DATA SECTION START

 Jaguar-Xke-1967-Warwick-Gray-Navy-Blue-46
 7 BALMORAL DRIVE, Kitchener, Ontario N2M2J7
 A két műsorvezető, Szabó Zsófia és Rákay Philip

DATA SECTION END
DATA SECTION START

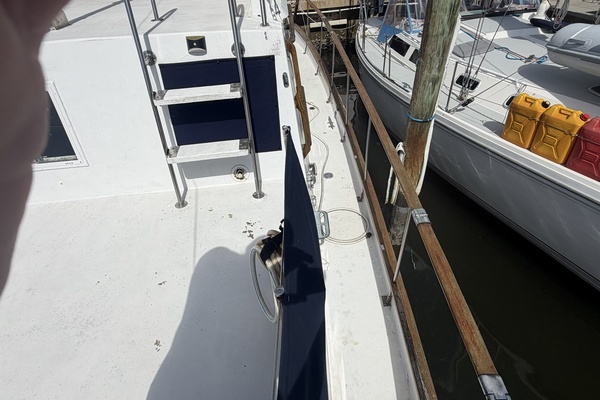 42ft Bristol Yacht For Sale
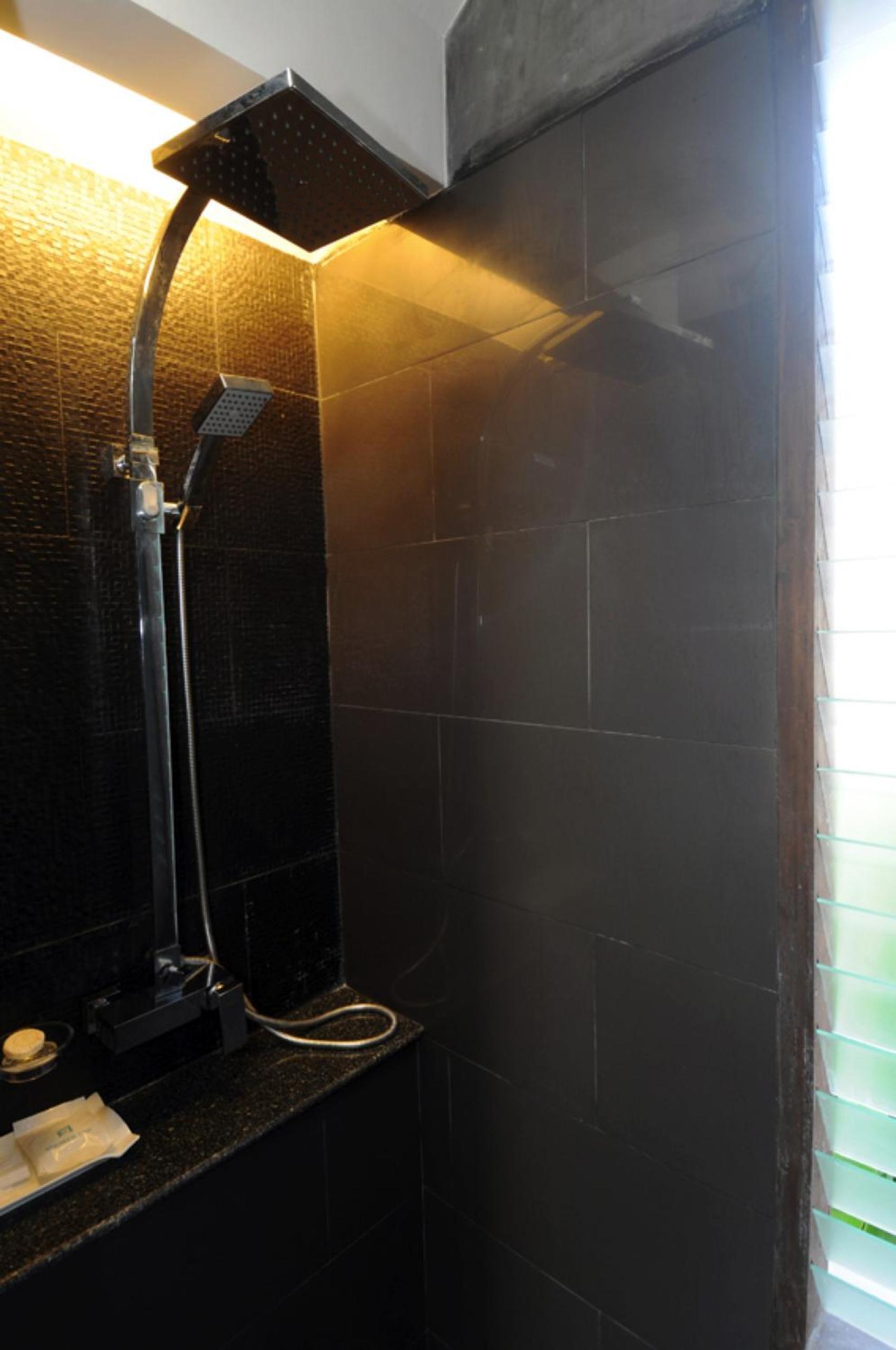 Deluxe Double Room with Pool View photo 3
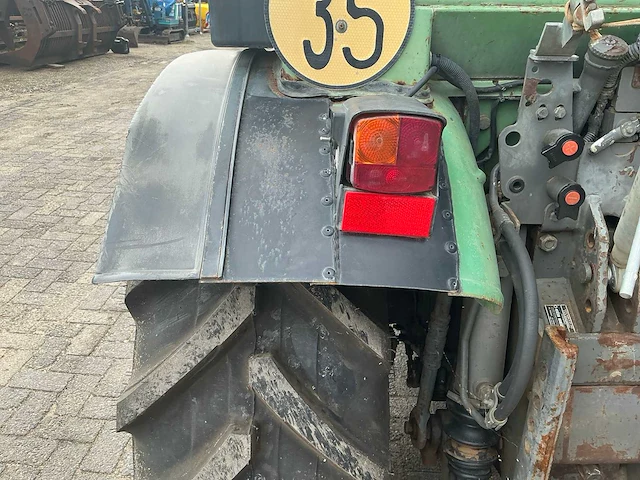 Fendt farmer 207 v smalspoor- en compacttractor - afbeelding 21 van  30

DATA SECTION END

YOUR TASK:
The response should hold exactly the lines starting at the line with "7 BALMORAL DRIVE, Kitchener, Ontario N2M2J7" and ending at the line with "A két műsorvezető, Szabó", and no other line of the material above.

TASK SOLUTION:
 7 BALMORAL DRIVE, Kitchener, Ontario N2M2J7
 A két műsorvezető, Szabó Zsófia és Rákay Philip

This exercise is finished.